<VV> What the Heck are Those Things?

Kent Sullivan kentsu at corvairkid.com
Tue Jul 4 23:43:42 EDT 2006


"No one in their right mind" -- Well... Remember that the Chevy engineers
were probably operating with a 5-7 year lifespan as their target. In that
world, all sorts of things make sense that don't make sense when viewed 40
years later by someone doing a restoration.

--Kent
-----Original Message-----
From: virtualvairs-bounces at corvair.org
[mailto:virtualvairs-bounces at corvair.org] On Behalf Of John Kepler
Sent: Tuesday, July 04, 2006 6:41 PM
To: 'P.H. Raker'; 'Virtual Vairs'
Subject: RE: <VV> What the Heck are Those Things?

Even
though the wagon was heavier, the extra stiffness made them handle so much
better that they would average a higher speed around a road course.

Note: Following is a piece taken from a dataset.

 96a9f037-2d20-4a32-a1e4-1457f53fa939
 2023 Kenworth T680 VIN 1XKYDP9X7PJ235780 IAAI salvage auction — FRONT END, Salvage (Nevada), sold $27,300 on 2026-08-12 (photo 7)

A flexible chassis is what engineering degrees, MIG/TIG welders, and 4140
chrome-moly tubing are made for.  This is why the "cocktail shakers" out of
my 67 Monza Convertible are propping the door to the parts shed closed!

It really doesn't take an engineering degree to just look at a late
convertible and see it as a complete improvisation......no one in their
right mind buries 2 unprotected, ungalvanized steel structural members blind
inside a rocker in a world where highway departments are allowed to buy salt
(in my part of the world, I've seen more late convertibles in multiple
pieces than fully assembled.....when the 67 came home, about the only thing
holding it together was the throttle linkage!).  The "cocktail shakers" were
further evidence of a band-aid being used stop the arterial hemorrhage on a
marginal piece of engineering.  I broke the paradigm and
re-engineered/re-manufactured the platform out of 1/4" wall 2.5" square
tube.  My convertible is as stiff as a grizzly's "member" as a
result....that's the "good news".  The "bad news" is that it took 5 years
and was, without putting too fine a point on it, a colossal waste of
time...not that I'm not completely happy with the outcome, just that it was
a massively complicated problem that demanded an even more complex solution.